Die gevoelswaarde vind ik een interessant onderwerp, want wat bezielt iemand (mij) om.....? Maar het is ook een gevoelig onderwerp, een delicate kwestie, zoals wel blijkt uit die vele discussies en twistschrijverij waar al snel het waarde oordeel wordt geveld over andermans waarheid. Nu heb ik ook wel mijn voorkeuren, hecht ik waarde aan bepaald materiaal en heb daar ook wel een oordeel over. Een opvatting waar ik ook graag over schrijf. Zo vind ik een bus sluiting mooi, evenals een diepe doorgaande en progressieve buiging. Of kurk met reelringen, en anders wel een hengel met een taille. En ik hou van een traditie van decennia min of meer onveranderde visie (want wat immers jaren geleden al meer dan goed was behoeft geen verbetering). Maar het meest houd ik nog van een visserij die dicht bij mij staat.

Misschien vind ik in dat laatste juist dat gevoel van harmonie en eenvoud. En uiteraard draagt het juiste materiaal daar aan bij. Niet het beste materiaal, maar het juiste, d.w.z. het best passend. Waar de perfectie eindigt of wat daarna komt doet er dan niet meer toe, het hoeft in de basis alleen nog maar te kloppen. Het moet kloppen als een bus: een hengel die in evenwicht is met de molen en balanceert op één vinger vlak voor de molenvoet. Een hengel die een verborgen innerlijke kracht heeft welke pas tijdens de dril aan de waterkant volledig en zonder reserves tot uiting komt. De hengel die niet zozeer van zichzelf mooi is, maar vanwege zijn wezenlijke eigenschappen. Een hengel met een eigenwijs karakter, wars van mode, en bestand tegen de waan van de dag. Wellicht bestaat er dus toch zoiets als de psychologie van een hengel....

In de psychologie van de echte wereld zijn dergelijke eigenschappen meestal niet zo zichtbaar, dat is inherent aan juist deze karaktertrekken. Zoals bij die oude visser die geen enkele behoefte had om wat dan ook van de daken te schreeuwen en zeker in de visserij hoefde hij zich niet te laten gelden. Voor hengels is het al niet veel anders, want de hengel die al deze kwaliteiten bij uitstek in zich verenigt is eigenlijk een onopvallende hengel. Klein van stuk, bescheiden in het voorkomen. Zeker niet strak of flitsend te noemen en (eigenwijs als 't ie is) volhardend in cobold glas. Maar achter die sobere en misschien wat kleurloze gedaante verschuilt zich een dynamiek van hoge intensiteit, want (naast gewoon lekker vissen) doet de Fair Play Floret precies wat een spinhengel moet doen: werpen.

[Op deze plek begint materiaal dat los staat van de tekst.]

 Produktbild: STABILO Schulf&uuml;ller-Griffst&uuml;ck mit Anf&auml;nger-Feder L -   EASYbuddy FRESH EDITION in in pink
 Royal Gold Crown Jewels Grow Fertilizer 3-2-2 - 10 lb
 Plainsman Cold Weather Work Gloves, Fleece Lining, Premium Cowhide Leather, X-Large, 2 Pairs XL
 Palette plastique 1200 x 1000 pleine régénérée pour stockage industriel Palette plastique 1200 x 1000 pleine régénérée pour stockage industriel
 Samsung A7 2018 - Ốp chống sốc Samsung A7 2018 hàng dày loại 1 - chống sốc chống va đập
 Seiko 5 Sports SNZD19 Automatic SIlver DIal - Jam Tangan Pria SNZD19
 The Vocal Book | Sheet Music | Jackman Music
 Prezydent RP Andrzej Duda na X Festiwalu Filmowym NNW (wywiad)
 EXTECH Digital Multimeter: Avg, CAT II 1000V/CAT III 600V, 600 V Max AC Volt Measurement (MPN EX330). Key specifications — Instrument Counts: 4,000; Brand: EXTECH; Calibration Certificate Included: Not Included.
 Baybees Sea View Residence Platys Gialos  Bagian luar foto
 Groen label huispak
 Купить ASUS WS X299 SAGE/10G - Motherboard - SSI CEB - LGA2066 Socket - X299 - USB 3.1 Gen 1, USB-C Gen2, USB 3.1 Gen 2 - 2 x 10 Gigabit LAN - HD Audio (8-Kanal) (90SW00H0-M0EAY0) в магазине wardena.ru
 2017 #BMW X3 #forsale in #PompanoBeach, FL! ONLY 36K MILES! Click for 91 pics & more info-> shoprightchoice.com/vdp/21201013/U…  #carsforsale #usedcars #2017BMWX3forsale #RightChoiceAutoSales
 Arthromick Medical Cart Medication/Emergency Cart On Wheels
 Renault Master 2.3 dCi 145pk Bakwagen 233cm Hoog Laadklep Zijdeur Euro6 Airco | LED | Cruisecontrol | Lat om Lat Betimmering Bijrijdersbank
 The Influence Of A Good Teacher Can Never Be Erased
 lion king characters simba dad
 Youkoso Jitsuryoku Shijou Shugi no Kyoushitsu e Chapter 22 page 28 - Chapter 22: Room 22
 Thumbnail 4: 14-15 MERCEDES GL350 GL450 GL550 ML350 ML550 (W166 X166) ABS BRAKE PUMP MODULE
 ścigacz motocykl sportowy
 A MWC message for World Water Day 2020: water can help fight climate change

Als geen enkele andere spinhengel die ik ken, is er met de Floret keer op keer heel precies en relatief ver te werpen. Iemand die voor het eerst deze hengel ter hand neemt zal misschien denken niet met een spinhengel van doen te hebben. In deze tijd waarin een spinhengel synoniem lijkt te zijn met hard of strak oogt de Floret op het eerste zicht al snel als een zacht en ongeschikt instrument voor het spinvissen. Niets is minder waar, tenminste dat denk ik. Juist door de korte lengte, het verloop van de blank en de progressieve buiging is de Floret een razend snelle hengel, die zich slechts door een minieme beweging vanuit de pols volledig als een boog laat spannen om vervolgens de opgebouwde energie weer los te laten en in de vorm van snelheid aan het kunstaas mee te geven. En die snelheid is in de praktijk warempel precies goed. Zo goed dat het kleine kunstaasje keer op keer op de gewenste plek terecht komt. Mits er natuurlijk sprake is van een juiste afstemming op elkaar van de verschillende onderdelen van het geheel: de hengel, dun nylon en een bepaald werpgewicht en een passende maat spinnerblad.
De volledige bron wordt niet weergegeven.